Baron of Hendwr, in the County of Merioneth, is a dormant title in the English Baronage which was granted on 22 July 1284 to Dafydd ap Gruffydd ap Owain Brogyntyn (a cousin of Gruffydd ap Iorwerth, 1st Baron of Kymmer-yn-Edeirnion) by letters patent issued by Edward I at Caenarfon. Dafydd and his kinsmen had fought against Edward I during his Conquest of Wales and, after coming into the King's Peace, received a Royal pardon and had their lands confirmed per Baroniam.

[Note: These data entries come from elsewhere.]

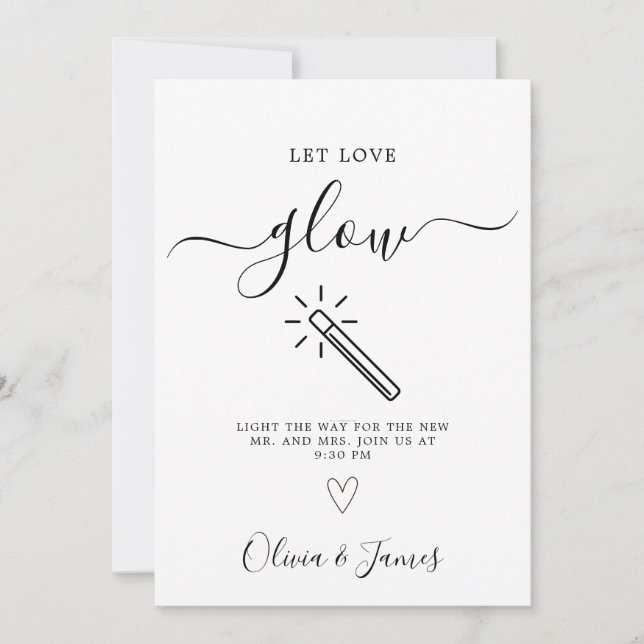 Convite Letreiro de Casamento Modelo Deixe o Amor Brilhar  (Frente)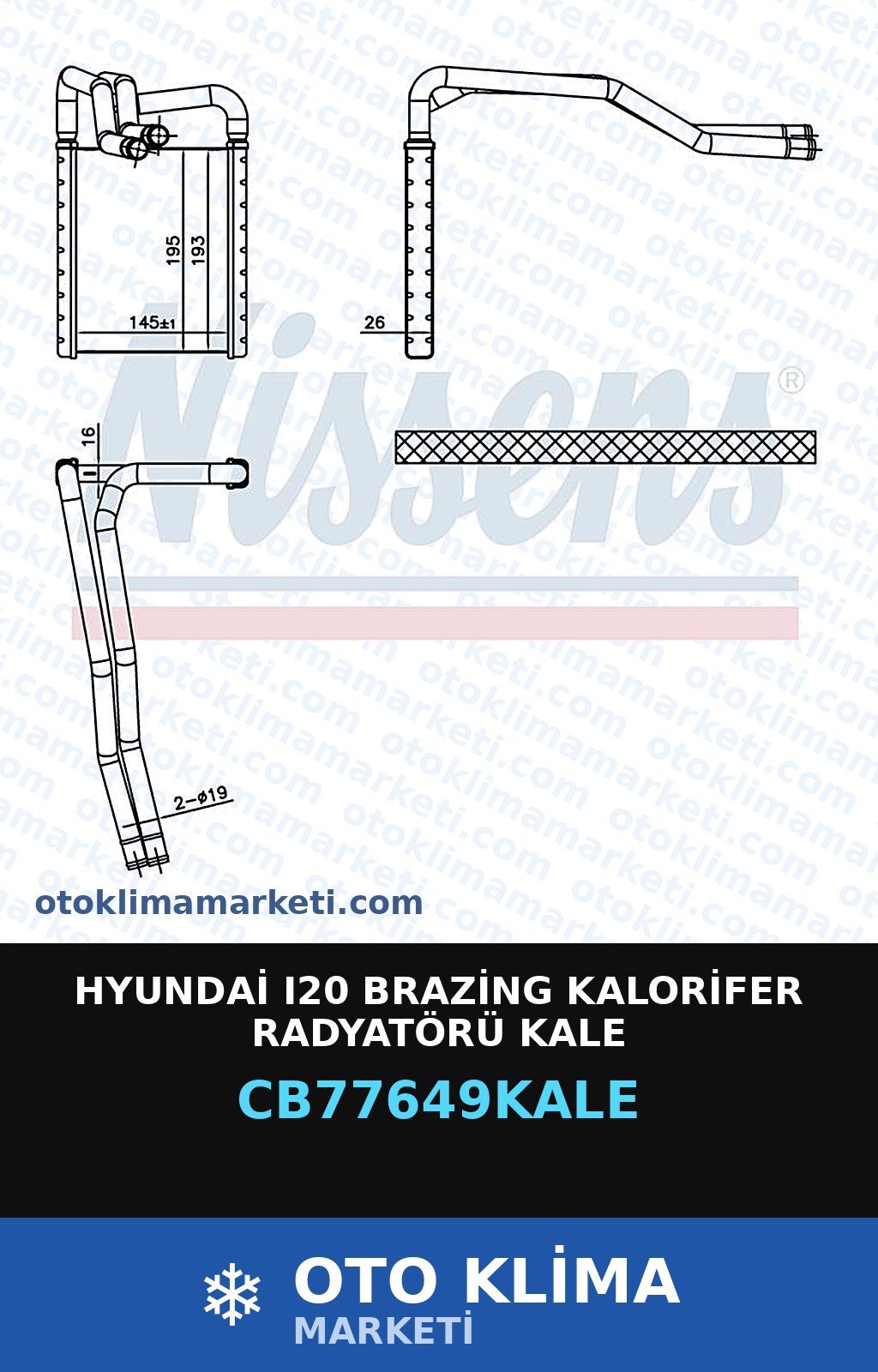 Hyundai I20 Brazing Kalorifer Radyatörü Kale — KALORİFER PETEĞİ — KALE marka — Uyumlu: HYUNDAI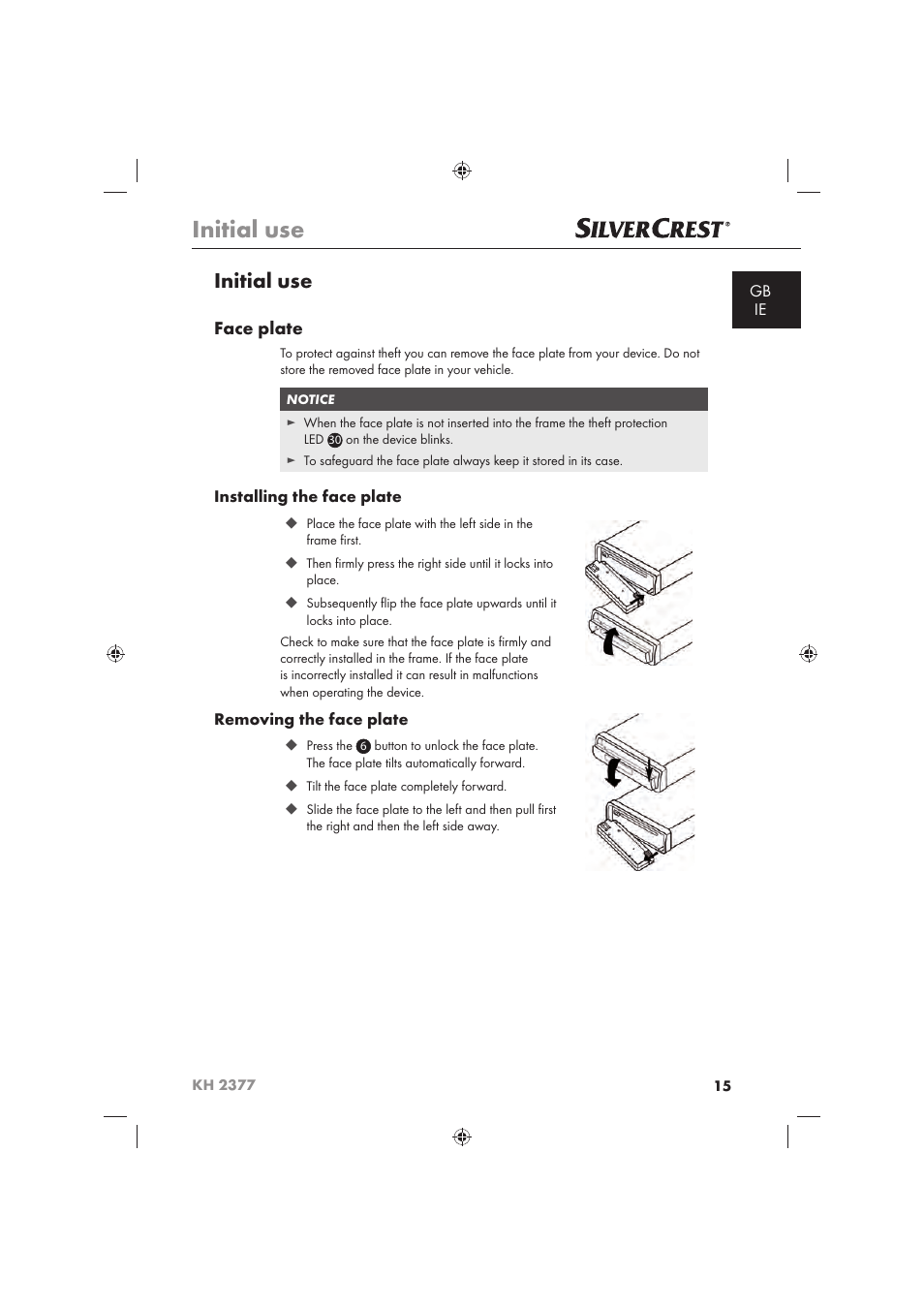 Initial use, Face plate | Silvercrest KH 2377 User Manual | Page 17 / 42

The second Baron was summoned to Quo Warranto proceedings on 7 December 1334 at Harlech to assess by what authority he claimed his title and he cited the charter granted to his father in 1284. The daughter of the 3rd Baron, Gwerful ferch Madog was the wife of Goronwy ap Tudur, and therefore 3rd great-grandmother of King Henry VII. The 4th Baron, David de Hendwr married Sibella de Cornwall, daughter and heiress of John de Cornwall, great-grandson of Richard 1st Earl of Cornwall on 8 July 1343 at Westminster Abbey.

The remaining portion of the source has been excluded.